*** Opening Provided data ***

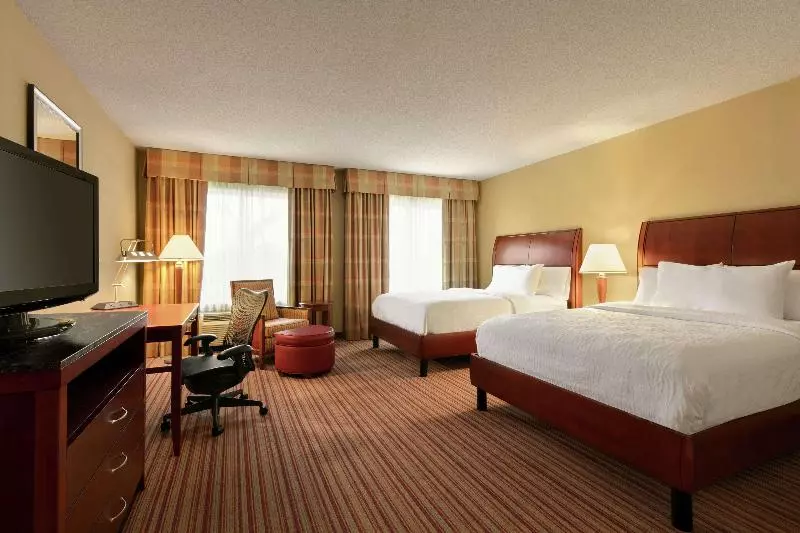 身障者適用キングサイズベッドルーム, Holiday Inn Express Daytona Beach   Speedway, An Ihg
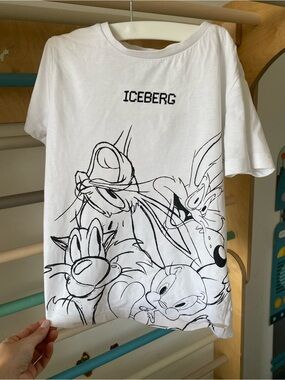 Iceberg White Kids Tee with Black Looney Tunes Sketch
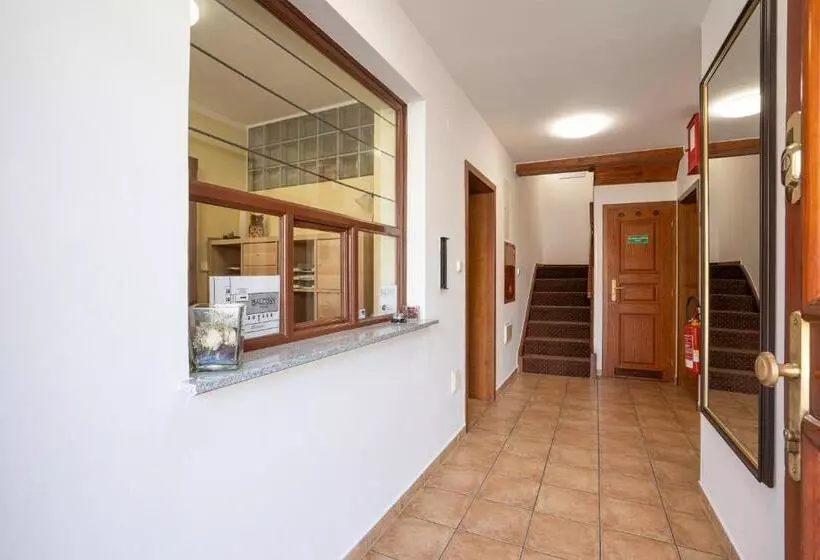 Fotos del hotel Penzion Laura:  2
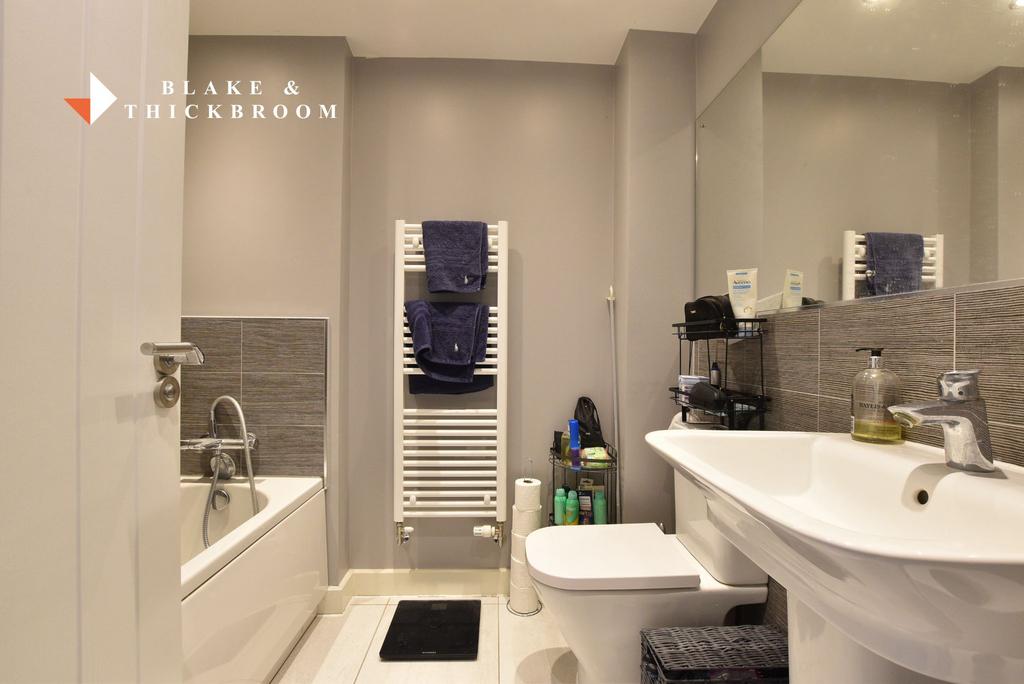 Family bathroom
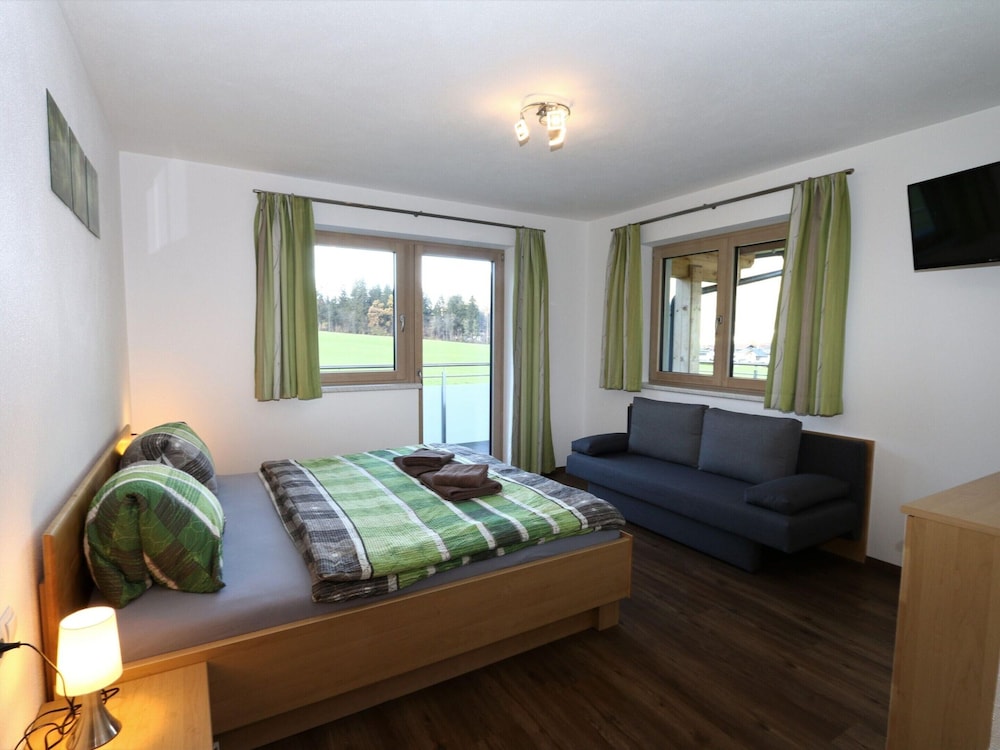 Apartment photo 2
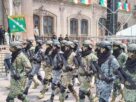 Los asistentes al Desfile Cívico-Militar en Monterrey aplaudieron con fervor a los soldados que participaron en el evento.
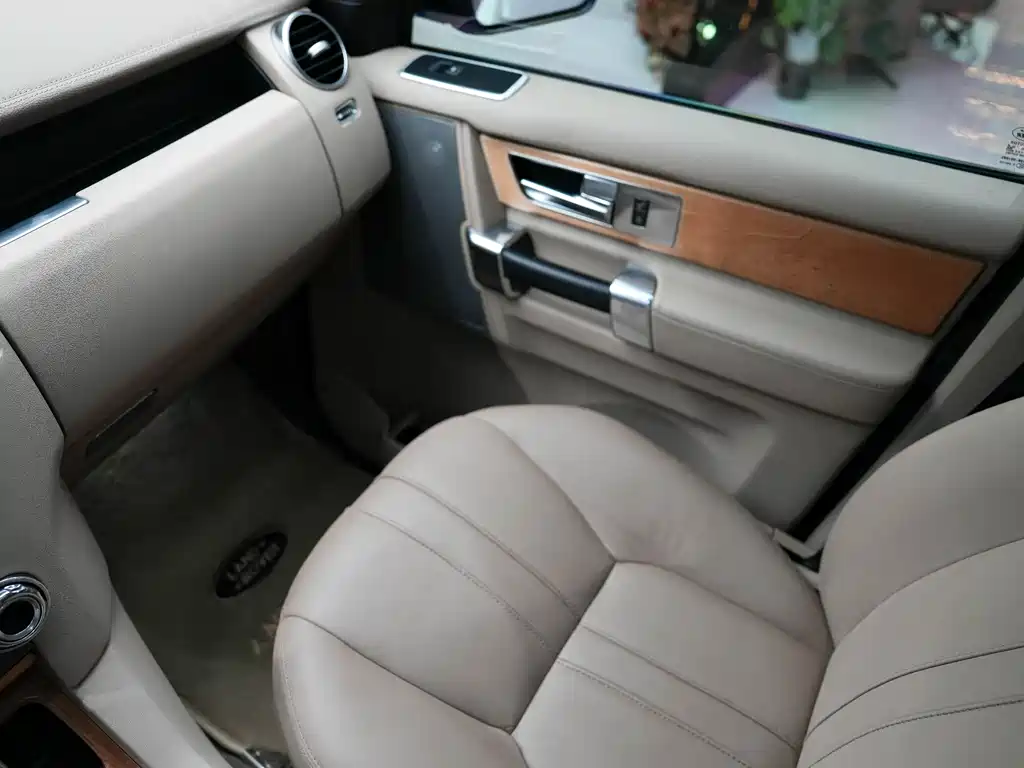 Land Rover Discovery 2012 — фото 15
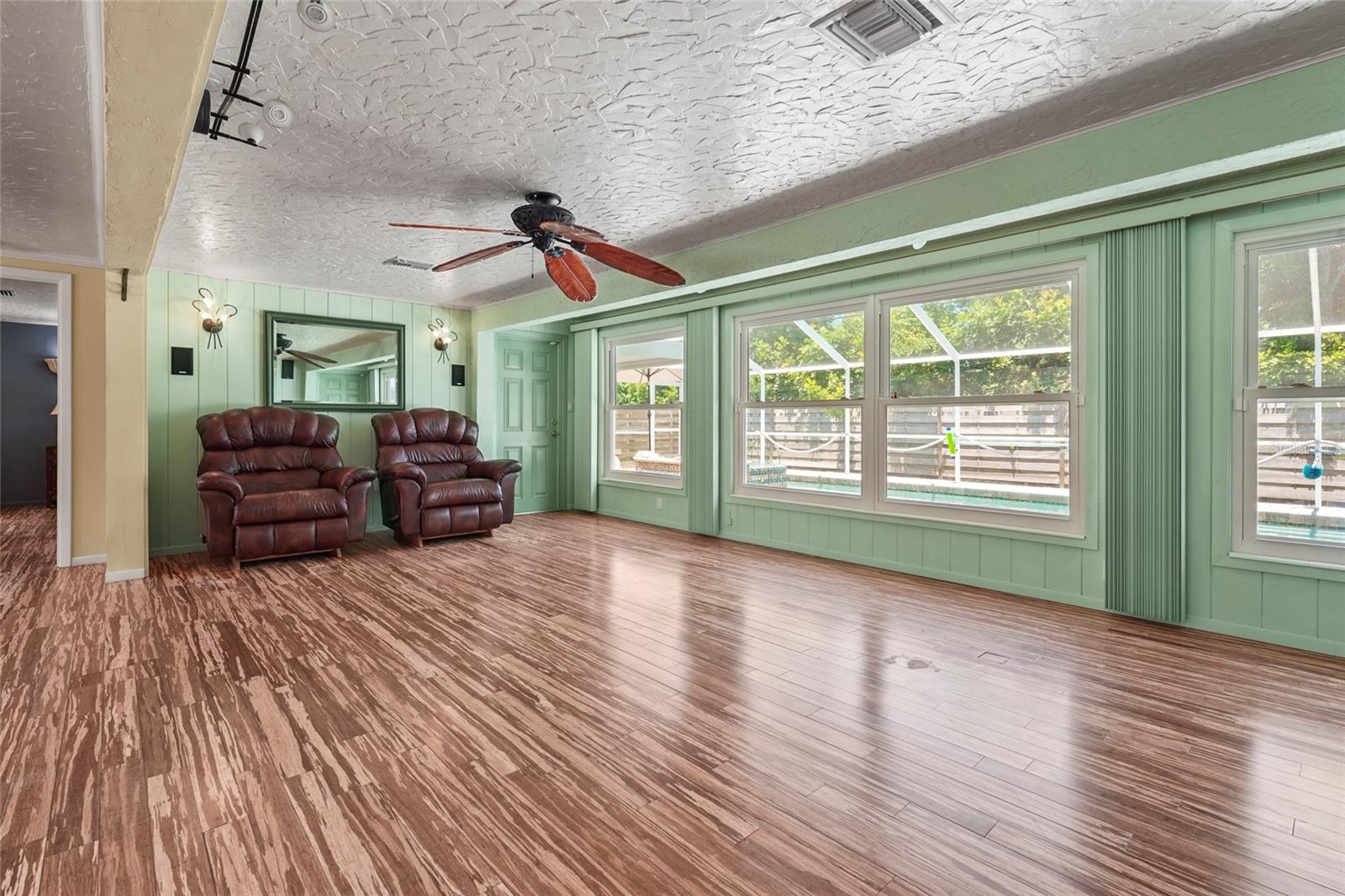 Image 33 of 67 For 2521 Clipper Ship Way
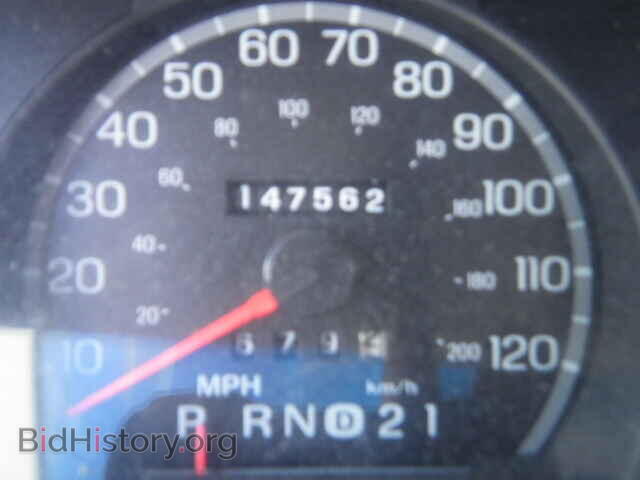 2003 FORD CROWN VIC - VIN: 2FAFP73W03X103302 - Фото 8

*** Closing Provided data ***

Task objective: Skip the images and set down the rest of the data unchanged.

Worked solution:
 身障者適用キングサイズベッドルーム, Holiday Inn Express Daytona Beach   Speedway, An Ihg
 Iceberg White Kids Tee with Black Looney Tunes Sketch
 Fotos del hotel Penzion Laura:  2
 Family bathroom
 Apartment photo 2
 Los asistentes al Desfile Cívico-Militar en Monterrey aplaudieron con fervor a los soldados que participaron en el evento.
 Land Rover Discovery 2012 — фото 15
 Image 33 of 67 For 2521 Clipper Ship Way
 2003 FORD CROWN VIC - VIN: 2FAFP73W03X103302 - Фото 8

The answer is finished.